The Limestone Coast regions (Coonawarra, Padthaway and Wrattonbully) produced much larger crops than the low-yielding 2018 vintage, while the warm inland regions (Riverland, Riverina and Murray Darling–Swan Hill) had very similar crops to last year.
Overall red varietal crush was up by 16,224 tonnes (two per cent) compared with 2018, which whites were down 66.949 tonnes (eight per cent). Chardonnay was hard hit, dropping by 47,975 tonnes (12 per cent) to 356,250 tonnes, which is the grape’s lowest crush in the past five years.
The Prosecco crush was up 42 per cent to 9936 tonnes.
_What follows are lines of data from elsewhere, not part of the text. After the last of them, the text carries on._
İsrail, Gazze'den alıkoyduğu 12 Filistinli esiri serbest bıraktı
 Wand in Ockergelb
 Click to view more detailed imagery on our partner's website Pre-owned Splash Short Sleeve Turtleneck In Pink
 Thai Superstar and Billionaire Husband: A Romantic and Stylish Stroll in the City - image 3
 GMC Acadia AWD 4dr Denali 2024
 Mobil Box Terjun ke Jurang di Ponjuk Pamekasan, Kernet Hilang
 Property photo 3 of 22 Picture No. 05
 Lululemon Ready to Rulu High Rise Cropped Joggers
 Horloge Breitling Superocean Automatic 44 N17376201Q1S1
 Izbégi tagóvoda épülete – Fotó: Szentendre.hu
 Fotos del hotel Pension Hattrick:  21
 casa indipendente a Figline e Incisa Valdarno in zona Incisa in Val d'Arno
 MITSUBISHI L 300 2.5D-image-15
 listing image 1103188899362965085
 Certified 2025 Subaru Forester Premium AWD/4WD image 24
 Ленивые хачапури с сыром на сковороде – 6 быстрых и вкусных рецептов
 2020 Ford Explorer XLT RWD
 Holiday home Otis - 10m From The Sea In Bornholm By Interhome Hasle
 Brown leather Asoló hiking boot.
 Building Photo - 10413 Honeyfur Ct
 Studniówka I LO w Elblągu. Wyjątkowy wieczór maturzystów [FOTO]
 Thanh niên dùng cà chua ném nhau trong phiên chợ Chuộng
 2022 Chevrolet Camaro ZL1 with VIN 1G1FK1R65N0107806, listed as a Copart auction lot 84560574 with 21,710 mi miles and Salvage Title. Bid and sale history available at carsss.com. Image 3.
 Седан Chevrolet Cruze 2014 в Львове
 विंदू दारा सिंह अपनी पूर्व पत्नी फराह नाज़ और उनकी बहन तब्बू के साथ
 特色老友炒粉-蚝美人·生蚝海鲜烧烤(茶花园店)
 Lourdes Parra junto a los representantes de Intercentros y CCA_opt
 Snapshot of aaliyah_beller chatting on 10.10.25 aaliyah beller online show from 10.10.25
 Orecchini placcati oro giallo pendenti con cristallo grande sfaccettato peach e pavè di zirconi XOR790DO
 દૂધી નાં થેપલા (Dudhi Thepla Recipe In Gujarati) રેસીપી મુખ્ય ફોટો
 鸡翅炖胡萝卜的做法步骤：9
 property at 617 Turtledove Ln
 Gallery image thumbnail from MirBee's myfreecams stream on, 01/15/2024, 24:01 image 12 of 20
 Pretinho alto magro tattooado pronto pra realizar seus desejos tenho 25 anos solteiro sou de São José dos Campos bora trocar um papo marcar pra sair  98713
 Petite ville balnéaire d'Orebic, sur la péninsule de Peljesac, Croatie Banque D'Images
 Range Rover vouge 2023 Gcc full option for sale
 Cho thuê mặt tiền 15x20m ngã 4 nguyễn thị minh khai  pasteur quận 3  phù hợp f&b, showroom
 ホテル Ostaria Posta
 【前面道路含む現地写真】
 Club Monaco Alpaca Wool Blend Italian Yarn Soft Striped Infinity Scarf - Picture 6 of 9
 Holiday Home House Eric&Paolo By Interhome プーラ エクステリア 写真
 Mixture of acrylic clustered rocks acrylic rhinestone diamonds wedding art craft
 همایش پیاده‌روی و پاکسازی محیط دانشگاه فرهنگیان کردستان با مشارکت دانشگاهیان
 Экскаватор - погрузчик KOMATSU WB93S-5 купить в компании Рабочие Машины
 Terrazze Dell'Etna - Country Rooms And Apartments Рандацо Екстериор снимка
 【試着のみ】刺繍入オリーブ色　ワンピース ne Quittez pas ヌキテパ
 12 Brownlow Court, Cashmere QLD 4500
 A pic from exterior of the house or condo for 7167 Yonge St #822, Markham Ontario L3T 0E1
It has increased its crush volume by an average of nearly 50 per cent each year since 2015, mirroring similar sales growth in the domestic wine market, and it is now the tenth largest white variety by production volume.
Shiraz remained the dominant variety with 418,364 tonnes – accounting for 44 per cent of the red crush and 24 per cent of the total crush – despite its crush being down by two per cent compared with last year.
Wine Australia said its National Vintage Report is based on a survey of winemakers conducted in May–June 2019. Responses were received from over 570 businesses, estimated to account for 88 per cent of all winegrapes crushed in 2019.